Заседание было долгим и интересным. Доклад сделал тот самый строгий философ позитивистского толка, который в свое время взволновал Гану лекцией о нравственности как правильно понятом эгоизме; в краткой, но резкой речи он утверждал, что все; кто считает себя приверженцем европейской культуры (а члены Американского клуба, несомненно, являются таковыми), должны быть признательны «наместнику Христа» за столь нелепое заявление, ибо папство — извечный противник рационального познания мира и природы — этим окончательно сбросило маску и обнажило свой мрачный, чудовищный, враждебный прогрессу и просвещению лик. Шестнадцать лет назад папа Пий IX провозгласил пресловутый догмат непорочного зачатия девы Марии. Шесть лет назад он предал анафеме современную цивилизацию вообще и все принципы разума и научно проверенные философские истины в частности. Ну, а те, кому недостаточно было этих двух «титанических» деяний папы, чтобы в ужасе отвернуться от римского лжехристианства, бесспорно, сделают это сейчас, когда ватиканский деспот нанес разуму третью, самую сильную, самую ошеломляющую пощечину, провозгласив себя, своих предшественников и преемников божественно непогрешимыми.
Слегка поклонившись, оратор покинул клуб, а среди взволнованных эмансипированных дам разгорелась оживленная дискуссия, в которой особенно отличилась пани Индржиша Эльзассова. «Пусть говорят, что угодно и как угодно, — заявила она, — но в религии все-таки ничего дурного нет, ведь она подает человеку надежду на загробную жизнь; главный недостаток всех существующих церквей — как римско-католической, так православной и евангелической — заключается в том, что в них всегда господствовали и правили мужчины. А вот когда женщины создадут собственную церковь и возьмут управление ею в свои руки, на земле наступит рай».

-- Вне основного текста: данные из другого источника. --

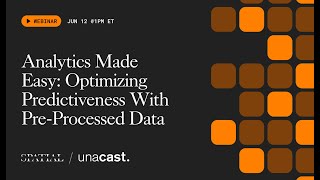 [Webinar] Analytics Made Easy: Optimizing Predictiveness With Pre-Processed Data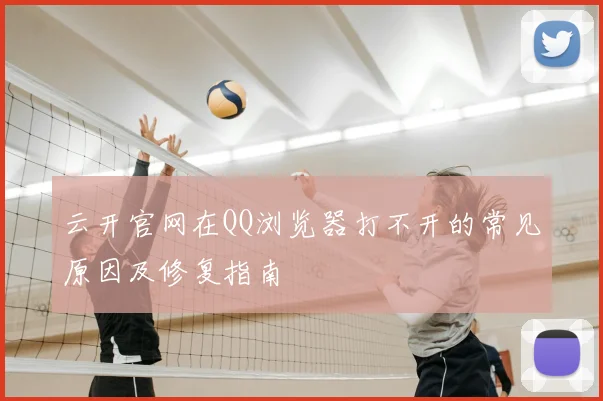 云开官网在QQ浏览器打不开的常见原因及修复指南
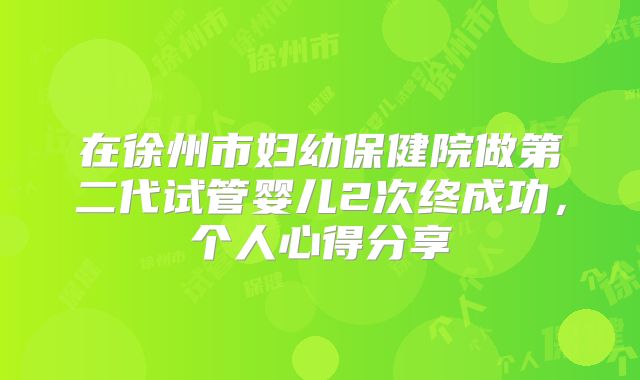 在徐州市妇幼保健院做第二代试管婴儿2次终成功，个人心得分享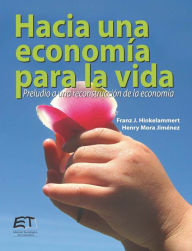 Title: Hacia una economía para la vida. Preludio a una reconstrucción de la economía, Author: Franz Hinkelammert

Вечером того же дня, когда Аннерль, венская нянька Миши, шестилетнего сына Борна, укладывала ребенка спать и он, стоя в кроватке и молитвенно сложив руки, шептал: «Vater unser, der du bist in dem Himmel…» [38] , в детскую вошла Гана и с возмущением сказала, что не желает, чтобы Миша молился и вообще воспитывался в религиозных заблуждениях.
Мальчик, испуганный вторжением златокудрой мачехи, которой боялся с самого начала, разревелся. После этого Гана накинулась на Борна с упреками за то, что он оставил сына на произвол венской ханжи. Позор — единственный сын чешского патриота не умеет как следует говорить по-чешски, чего Борн ждет, почему не уволит Аннерль!
38
«Отче наш, иже ее и на небесех..> (нем.)
При этих словах Борн просиял.
— Ты права, Гана, меня давно мучит, что Мишу воспитывает немецкая нянька. Но что я мог поделать — Лиза им не интересовалась, и я был доволен, что Аннерль, по крайней мере, аккуратна и добросовестна. — Он нежно прижал к груди голову Ганы. — Завтра же предупрежу ее об увольнении. Я очень рад, что ты хочешь сама заняться мальчиком и заменить ему мать.
— То есть как? — отшатнулась удивленная Гана. — Разве после ухода Аннерль ты не наймешь другую, чешскую няньку?